- Yazar Biyografisi (TEİS)
Mahirî, Osman - Madde Yazarı: Dr. Mehmet Dervişoğlu
- Eser Yazılış Tarihi:?
- Yazıldığı Saha:Anadolu-Osmanlı
- Edebiyat Alanı:Âşık Edebiyatı
- Dönemi:19. Yüzyıl
- Dili:Türkçe
- Alfabesi:Latin
- Yapısı:Manzum-Mensur
- Niteliği:Telif
- Türü/Formu:Halk Hikâyesi
- Yayın Tarihi:01/09/2021
MAHİRİ İLE MAHİTABAN HİKAYESİ
âşıkane halk hikâyesiMahirî, Osman (d. 1266/1850 - ö. 1332/1914)
ISBN: 978-9944-237-87-1
Âşık Mahirî’nin hayatı etrafında oluşan halk hikâyesi. Hikâyedeki olay 19. asrın ikinci yarısında geçmektedir. Hikâye, Âşık Mâhirî tarafından Âşık İznî’ye anlatılmış sonrasında çeşitli âşıklar tarafından nakledilmiştir. Hikâyenin derlemesi ilk olarak Öğretmen Adil Özder tarafından yapılmış nihayetinde 1985 yılında Mehmet Gökalp tarafından başka kaynak kişiler vasıtasıyla detaylandırılarak yayımlanmıştır.

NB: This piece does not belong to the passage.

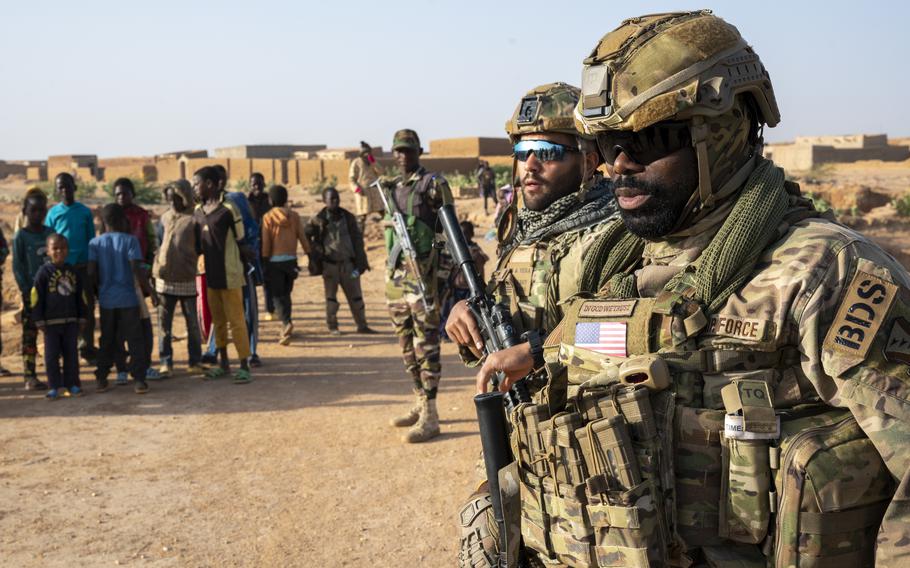 Air Force Staff Sgts. Yannick Adjei and David Vega, members of the 409th Expeditionary Security Forces Squadron, Quick Reaction Force, maintain security while conducting a joint patrol with the Niger Armed Forces on Jan. 6, 2023.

Hikâye günümüze yakın bir dönemde yazıya aktarıldığı için dili oldukça sadedir. Manzum-mensur karışık bir yapıya sahip olan hikâyede şiirlerin pek çoğu Mâhirî tarafından söylenmektedir. Diğer şiirler Mâhirî’nin rakibi olan aşıklar tarafından söylenir. Hikâyenin manzum kısımlarında büyük ölçüde 11’li hece ölçüsü kullanılmıştır. Bunun haricinde az da olsa 8’li ve 15’li hece ölçüsüne rastlanır. Bu manzum parçaların pek çoğu atışmalardan oluşmaktadır. Müstakil manzum bölümler genellikle üç dörtlükten meydana gelmektedir.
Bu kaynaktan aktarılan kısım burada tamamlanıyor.